Los aficionados ingleses están marcados con hierro candente. Sobre todo, los del Liverpool. Desde la tragedia de Heysel, poseen antecedentes penales que tienden a demostrar su culpabilidad. Son prejuzgados por su etiqueta de denominación de origen. Gran parte de las reacciones internacionales indican, entre la indignación inglesa por la falta de respeto hacia sus caídos, que los hinchas han contribuido a cavar su propia fosa.

En parte tienen razón, aunque la tragedia de Hillsborough nada tuvo que ver con peleas violentas. En este sentido existen ciertas reminiscencias que recuerdan la fábula del joven que gritó tantas veces "¡que vierte el lobo!, ¡que viene el lobo!" que, cuando por fin apareció el animal, nadie le creyó.

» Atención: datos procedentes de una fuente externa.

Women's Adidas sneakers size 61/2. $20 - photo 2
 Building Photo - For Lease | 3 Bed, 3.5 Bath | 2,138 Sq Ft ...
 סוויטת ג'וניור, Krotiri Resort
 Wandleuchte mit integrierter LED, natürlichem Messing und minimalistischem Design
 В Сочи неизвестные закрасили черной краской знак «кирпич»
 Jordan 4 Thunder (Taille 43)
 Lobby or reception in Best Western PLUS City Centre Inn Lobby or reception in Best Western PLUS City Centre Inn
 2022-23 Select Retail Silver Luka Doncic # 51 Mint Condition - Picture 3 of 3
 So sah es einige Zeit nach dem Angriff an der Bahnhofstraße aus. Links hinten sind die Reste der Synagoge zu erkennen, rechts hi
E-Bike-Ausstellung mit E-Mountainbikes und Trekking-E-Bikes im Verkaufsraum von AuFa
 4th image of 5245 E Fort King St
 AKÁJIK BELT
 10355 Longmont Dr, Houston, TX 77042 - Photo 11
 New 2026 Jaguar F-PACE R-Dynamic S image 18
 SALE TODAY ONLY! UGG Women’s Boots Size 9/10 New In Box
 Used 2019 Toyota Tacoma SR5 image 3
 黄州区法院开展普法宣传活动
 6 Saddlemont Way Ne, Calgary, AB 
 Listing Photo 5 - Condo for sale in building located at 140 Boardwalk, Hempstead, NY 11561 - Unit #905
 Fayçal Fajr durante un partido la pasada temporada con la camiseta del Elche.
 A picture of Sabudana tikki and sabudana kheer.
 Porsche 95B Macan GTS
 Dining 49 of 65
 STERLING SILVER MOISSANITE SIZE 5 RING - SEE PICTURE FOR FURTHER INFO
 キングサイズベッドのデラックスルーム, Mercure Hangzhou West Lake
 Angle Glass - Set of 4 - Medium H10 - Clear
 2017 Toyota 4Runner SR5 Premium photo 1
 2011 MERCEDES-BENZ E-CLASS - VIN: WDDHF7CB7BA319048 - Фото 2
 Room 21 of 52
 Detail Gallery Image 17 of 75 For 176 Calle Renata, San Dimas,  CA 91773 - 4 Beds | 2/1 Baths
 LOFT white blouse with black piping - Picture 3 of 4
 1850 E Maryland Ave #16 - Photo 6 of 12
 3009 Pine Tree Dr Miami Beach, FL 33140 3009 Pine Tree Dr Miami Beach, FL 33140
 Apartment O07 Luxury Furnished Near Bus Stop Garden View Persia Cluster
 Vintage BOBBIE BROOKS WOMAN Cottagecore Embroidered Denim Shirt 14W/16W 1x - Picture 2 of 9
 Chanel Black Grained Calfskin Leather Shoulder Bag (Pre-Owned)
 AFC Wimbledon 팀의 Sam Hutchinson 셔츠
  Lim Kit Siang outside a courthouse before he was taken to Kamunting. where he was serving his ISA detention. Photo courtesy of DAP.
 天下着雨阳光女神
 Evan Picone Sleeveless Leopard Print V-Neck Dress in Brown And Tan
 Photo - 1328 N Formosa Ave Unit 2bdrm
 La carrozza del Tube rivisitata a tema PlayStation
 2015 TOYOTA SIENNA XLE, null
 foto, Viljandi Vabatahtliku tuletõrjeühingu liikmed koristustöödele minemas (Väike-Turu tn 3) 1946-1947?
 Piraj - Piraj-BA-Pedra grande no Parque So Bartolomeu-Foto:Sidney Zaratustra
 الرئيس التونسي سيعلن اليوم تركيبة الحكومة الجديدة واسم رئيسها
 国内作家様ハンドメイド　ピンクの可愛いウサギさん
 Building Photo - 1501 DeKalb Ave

Los hinchas ingleses han sido lobos en tantas ocasiones que muy pocos los aceptan bajo piel de cordero.

En Liverpool, los aficionados se consideran víctimas más que causantes. En su entorno, los que tienen voz y voto reparten golpes en todas direcciones, como si fuesen asediados por una plaga de mosquitos. Que si la distribución de entradas, los torniquetes, las vallas, la puerta metálica, el control de entradas, el túnel de acceso, las barreras, los equipos de emergencia... Dan grandes bofetadas verbales a la policía y de pronto descubren que los estadios son viejos, ¡como si no lo hubiesen sido hasta la tragedia del sábado! Un portavoz calificado como "experto" -en piromanía, quizás- exige quemarlos todos. Un montón de clubes, en rabiosa rebelión contra los objetos inanimados, han arrancado ya sus vallas para ofrecerlas al chatarrero.

Es indudable que estos y otros elementos contribuyeron al desastre de Hillsborough. No se trató de un terremoto, ni siquiera de una inundación o incendio. La naturaleza no tuvo nada que ver. Ni policías, ni puertas, ni vallas, ni túneles asesinaron a los seguidores del Liverpool. El arma homicida fue el cuerpo humano. Miles de cuerpos aplastados contra barreras metálicas que, según los expertos, han sido fabricadas "a prueba de camión".

Parece razonable que tanto el público como los políticos, los clubes y los medios de comunicación ingleses reclamen urgentes reformas en los estadios. Mejorar el teatro, maquillar el escenario, no modificará necesariamente el drama. Los cuerpos homicidas fueron activados bajo impulsos cerebrales, y -aunque parezca inverosímil- el impulso fatal se reduce a un enloquecido afán por ver el partido de su equipo del alma. Por si alguien no lo recuerda, la palabra fan nace de fanatismo.

La complejidad del tema está fundamentada en un sinfin de estudios sociológicos y psicológicos realizados en los últimos años, algunos de los cuales hablan de "monos humanos" y "guerras tribales".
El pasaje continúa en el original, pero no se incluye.